─── INFORMATION SUPPLIED

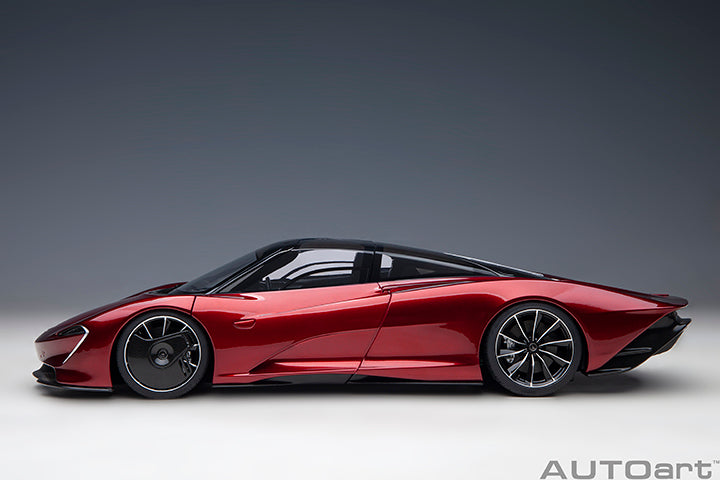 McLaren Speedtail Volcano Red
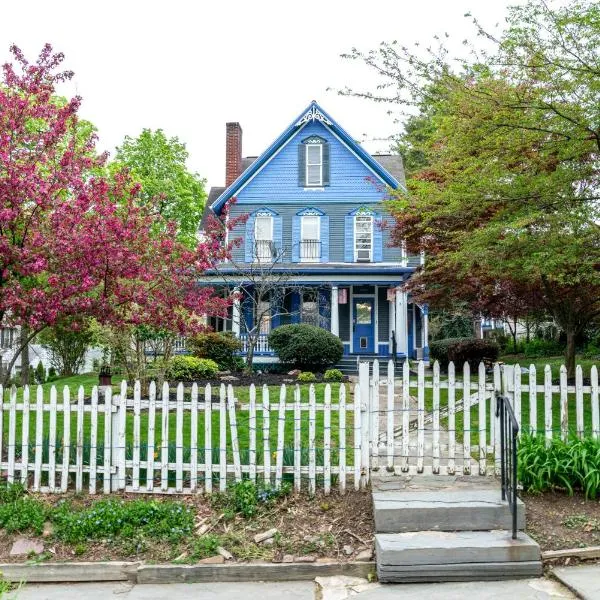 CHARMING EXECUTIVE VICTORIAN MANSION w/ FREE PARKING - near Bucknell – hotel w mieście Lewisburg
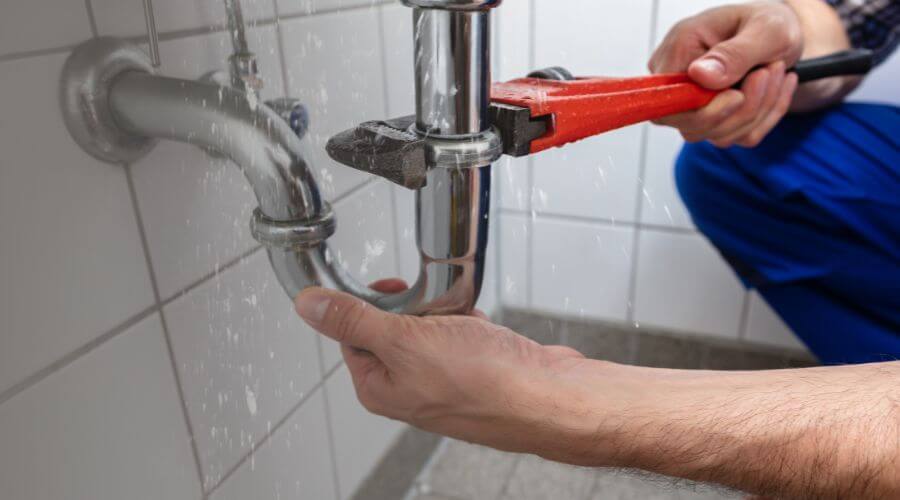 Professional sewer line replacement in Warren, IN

──────

_WHAT THE TASK ASKS:_ Down to the last line, set down the data above exactly, and omit all images.

_TASK OUTPUT:_
 McLaren Speedtail Volcano Red
 CHARMING EXECUTIVE VICTORIAN MANSION w/ FREE PARKING - near Bucknell – hotel w mieście Lewisburg
 Professional sewer line replacement in Warren, IN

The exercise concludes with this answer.